If the preliminary finding is not upheld, the money will be returned.

From 2006 to 2008, imports of OCTG from China increased 203 percent by value and amounted to an estimated 2.6 billion dollars in 2008, according to the US Commerce Department.

In September, the US Commerce Department also issued a preliminary countervailing duties ranging from 10.9 percent to 30.6 percent on oil pipe imports from China.

The department said that it will make its final determination of antidumping and countervailing duties next year.

With the Commerce Department's determination, the US International Trade Commission (ITC) will make an affirmative final determination that the imports of wire decking from China materially injure, or threaten material injury to, the domestic industry.

The Commerce Department will issue an anti-dumping duty order or a countervailing duty one based on the ITC's decision.

CHINA STRONGLY OPPOSES US DECISION

China strongly opposed the US decision, calling it a protectionist move.

"China expressed strong dissatisfaction and is resolutely opposed to this," said China's Ministry of Commerce (MOC) spokesman Yao Jian in a statement in September.

"This does not comply with WTO agreements on subsidies. The US used an incorrect method to define and calculate the subsidies, which has resulted in an artificially high subsidy rate, hurting the Chinese firms' interests," said Yao.

He noted that in the first quarter, the volume of Chinese OCTG exports to the US fell 55 percent from a year ago.

The US industries expressed strong dissatisfaction with the trade case, saying such a move would hurt US companies.

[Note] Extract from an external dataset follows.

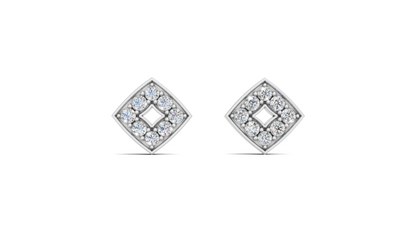 Diamond Open Square Tile Stud Earrings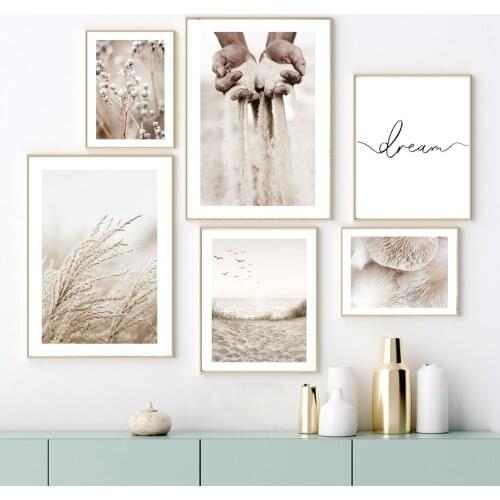 Beige Mushroom Cotton Reed Grains Of Sand Canvas Painting Wall art Posters and Prints Wall Pictures For Living Room Decoration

The trade restrictions would "hurt US using industries by raising their costs and making sources of supply uncertain," Eugene Patrone, executive director of the Consuming Industries Trade Action Coalition (CITAC) told Xinhua in September.

He noted that the tariffs would make oil and gas exploration and production be more expensive, projects be delayed, "which is against our national goal of being less dependant on imported energy."